Source data
========================================

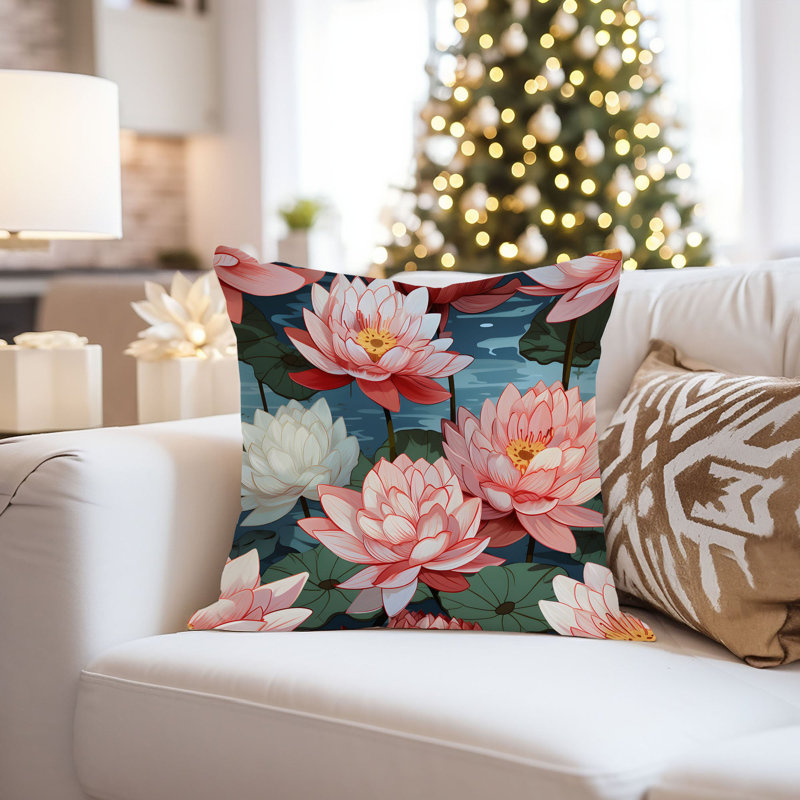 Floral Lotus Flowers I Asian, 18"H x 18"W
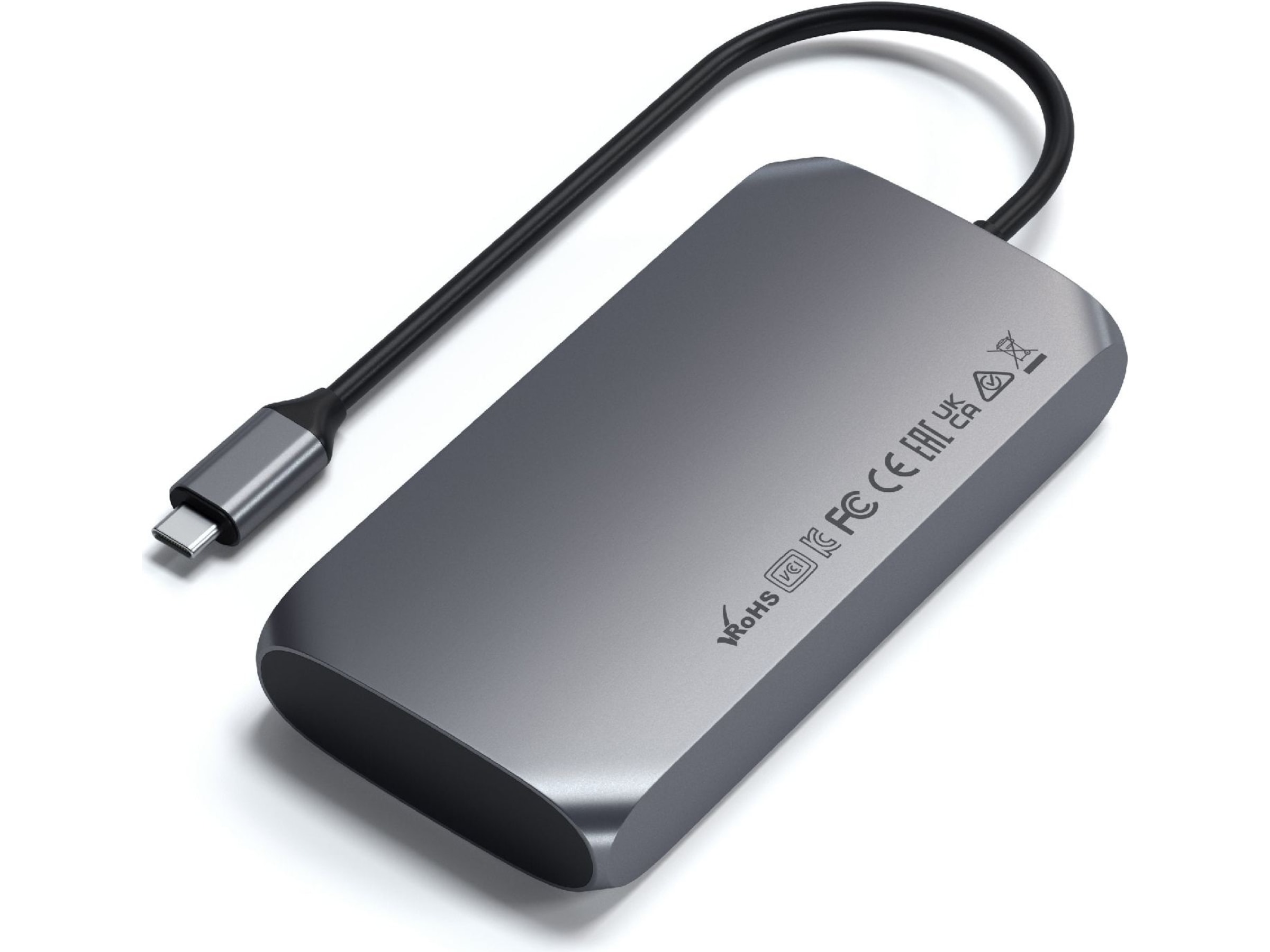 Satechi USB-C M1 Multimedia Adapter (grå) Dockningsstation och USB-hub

========================================

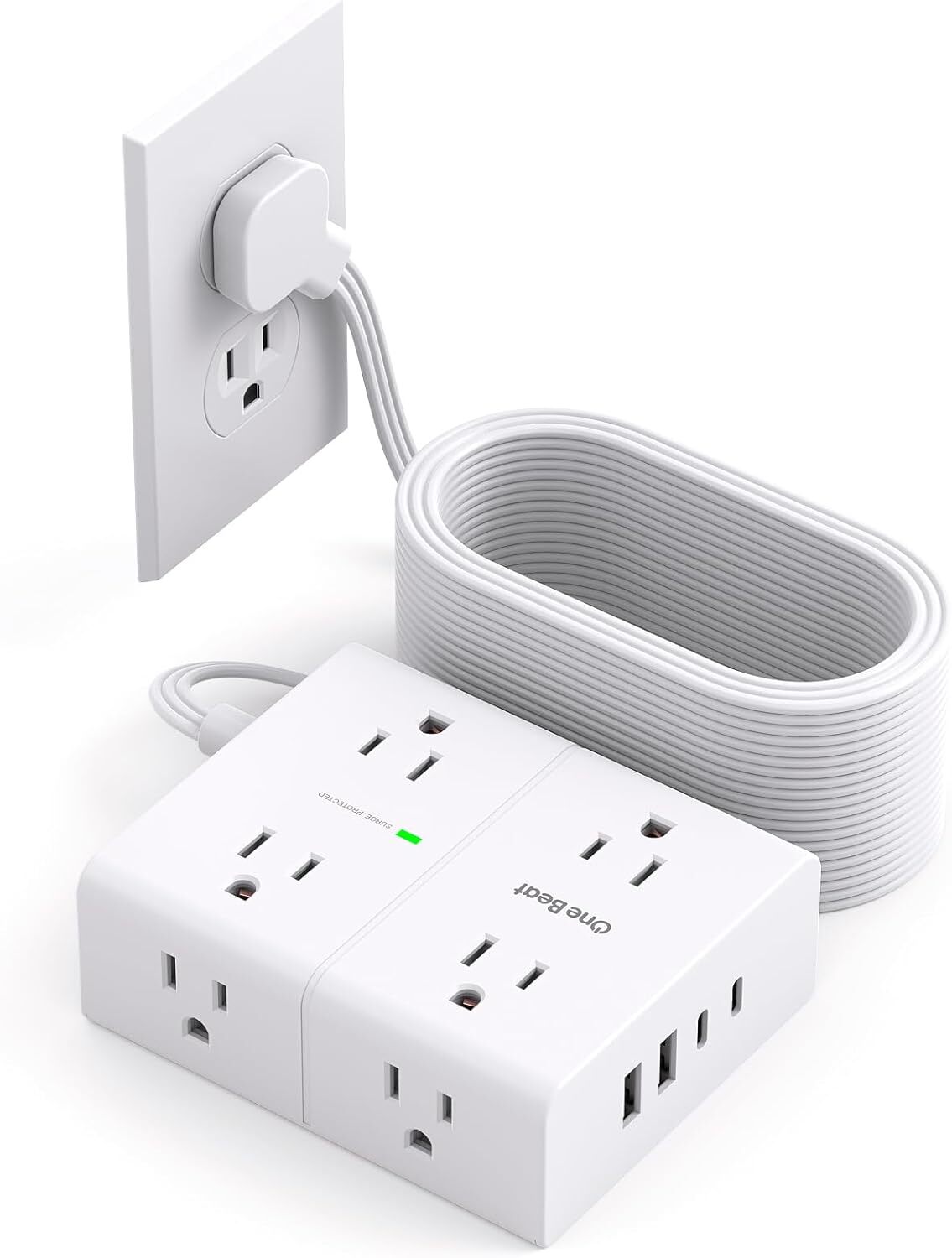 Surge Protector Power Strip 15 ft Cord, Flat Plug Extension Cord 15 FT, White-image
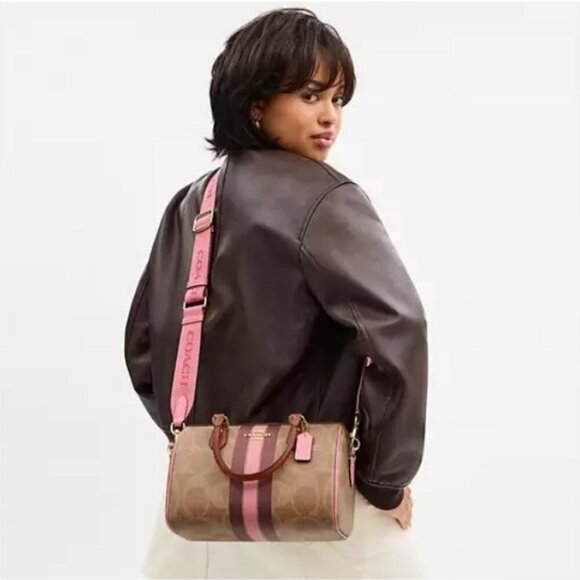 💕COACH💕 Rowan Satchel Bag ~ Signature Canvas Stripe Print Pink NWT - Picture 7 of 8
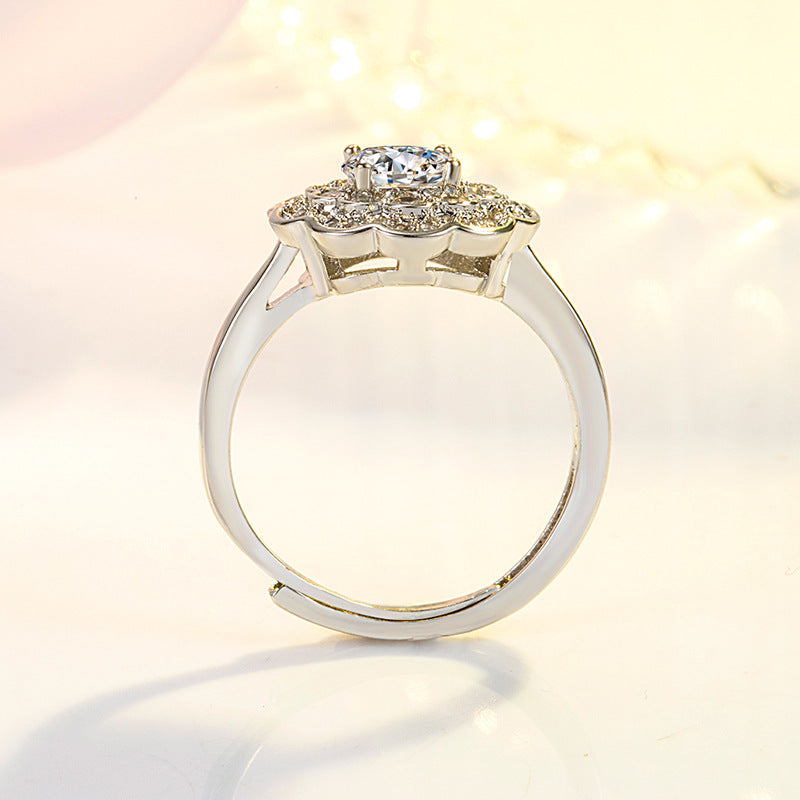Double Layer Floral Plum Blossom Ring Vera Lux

========================================

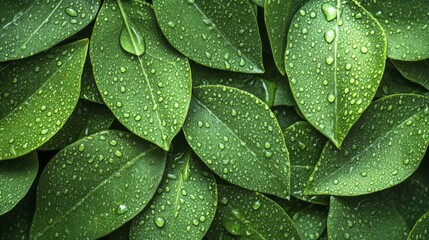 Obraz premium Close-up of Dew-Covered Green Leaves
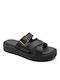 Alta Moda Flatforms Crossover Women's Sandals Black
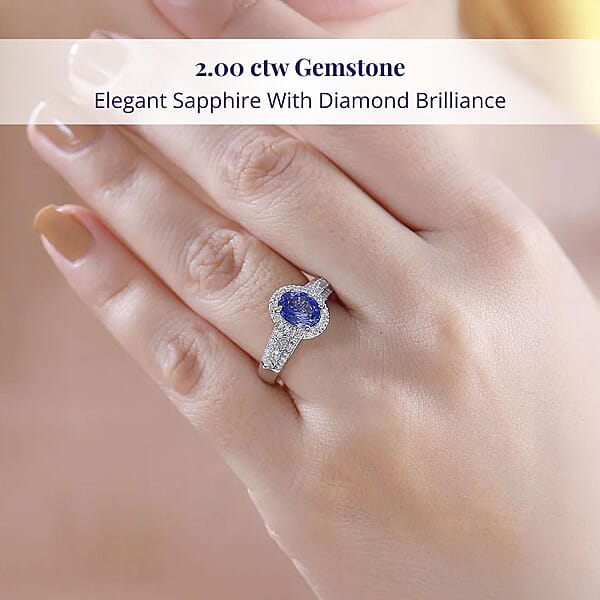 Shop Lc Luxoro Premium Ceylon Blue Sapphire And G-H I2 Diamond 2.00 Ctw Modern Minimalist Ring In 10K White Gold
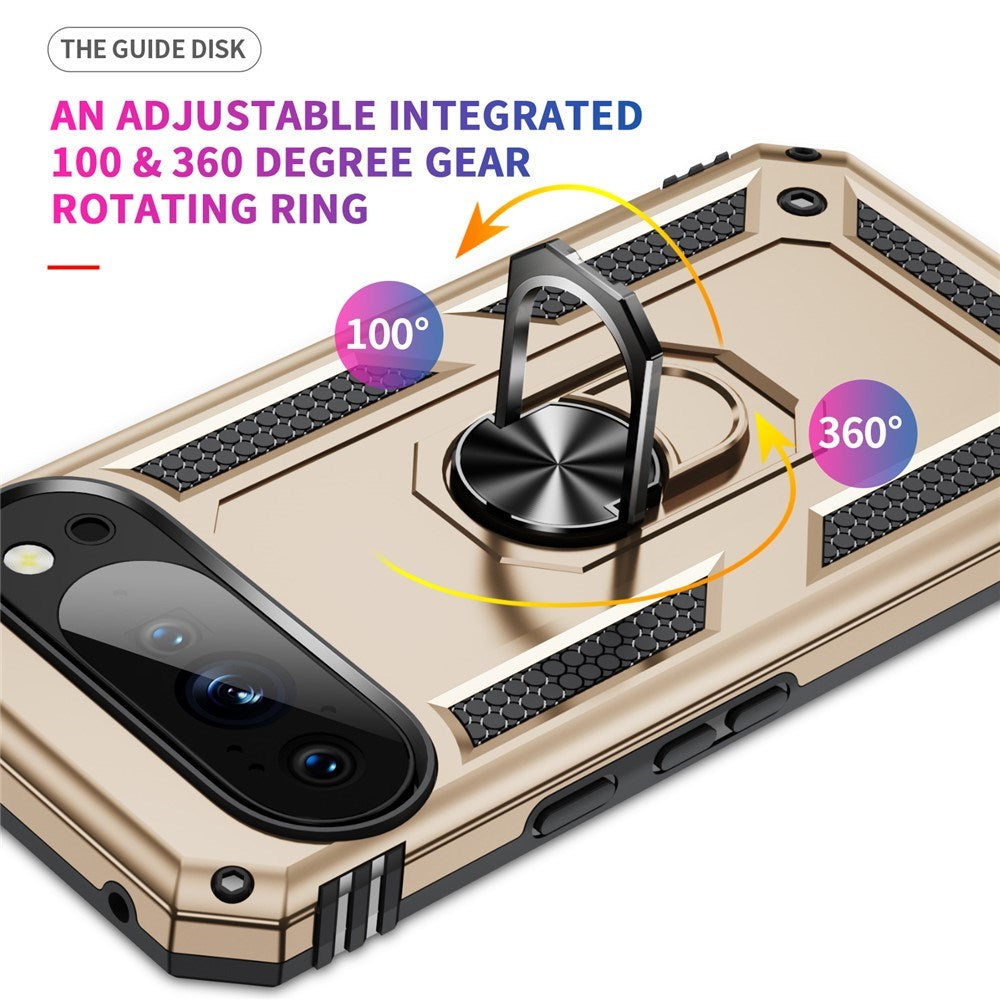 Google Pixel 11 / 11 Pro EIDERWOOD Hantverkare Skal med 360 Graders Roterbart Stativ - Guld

========================================

Assignment
Look above for the line containing "Floral Lotus Flowers", then write out every line from there down to the line containing "Satechi USB-C M1", that line included, with no pictures.

Solution for this task
 Floral Lotus Flowers I Asian, 18"H x 18"W
 Satechi USB-C M1 Multimedia Adapter (grå) Dockningsstation och USB-hub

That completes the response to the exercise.